By Isaac Cohen*
The decision, adopted by the emergency manager of Detroit Kevin Orr, to request from a federal court that the city be declared in bankruptcy is the largest in the history of the United States.
There have been other cases of municipal bankruptcy dealt with in federal court. The next in size was Jefferson County, Alabama, in 2011, a city of 659,000 inhabitants with an outstanding debt of $4.2 billion. In the state of California, there have been other municipal bankruptcies, such as Orange County in 1994, a city of 2.4 million persons, with a debt of $2.0 billion.
All of these previous cases are far from the Detroit bankruptcy, a city of 701,000 inhabitants, with an estimated debt of between $18-20 billion. More impressive is the fact that, at the turn of the 20th. Century, Detroit was the fourth most populous city in the United States, growing at the vigorous pace of the automobile industry, it reached a peak in 1950 of 1.8 million persons. The decline of the largest urban concentration in the State of Michigan is also closely linked to the sort of the automobile industry.

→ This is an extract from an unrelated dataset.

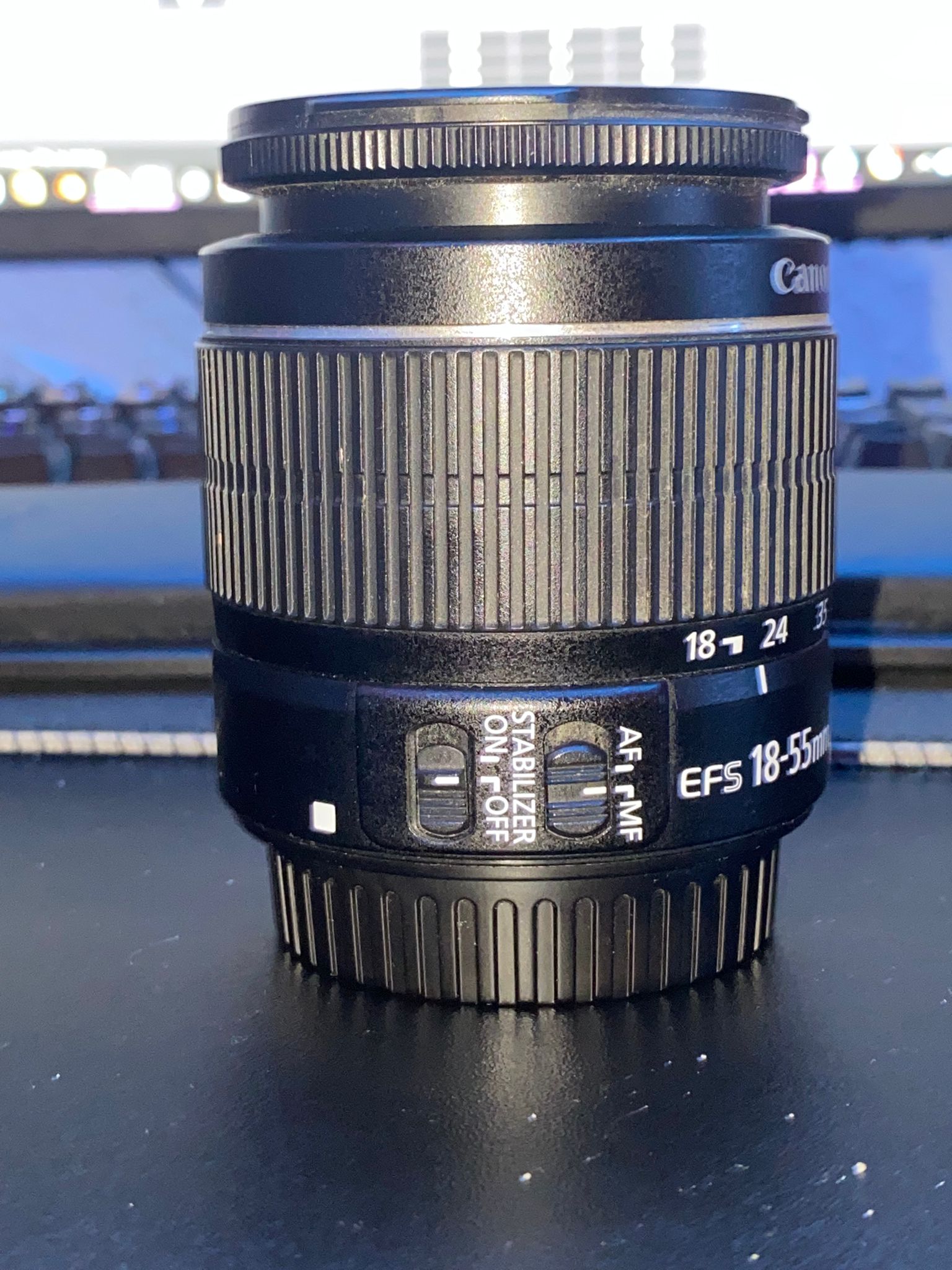 Canon Lens Reference 1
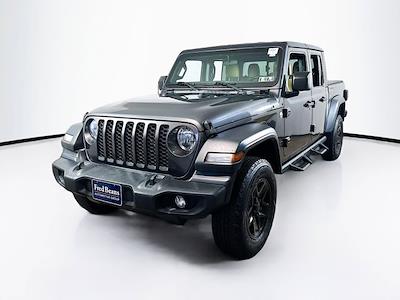 2020 Jeep Gladiator Crew Cab 4x4 Pickup for sale #FL502622 - photo 1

By contrast,, the federal rescue of General Motors and Chrysler, during the Great Recession of 2009, amounted to $80 billion.
Among the creditors of the City of Detroit are 9,700 employees, 20,000 retirees and several institutional and individual holders of municipal bonds.
*International analyst and consultant. Commentator on economic and financial issues for CNN en Español TV and radio. Former Director, UNECLAC Washington Office.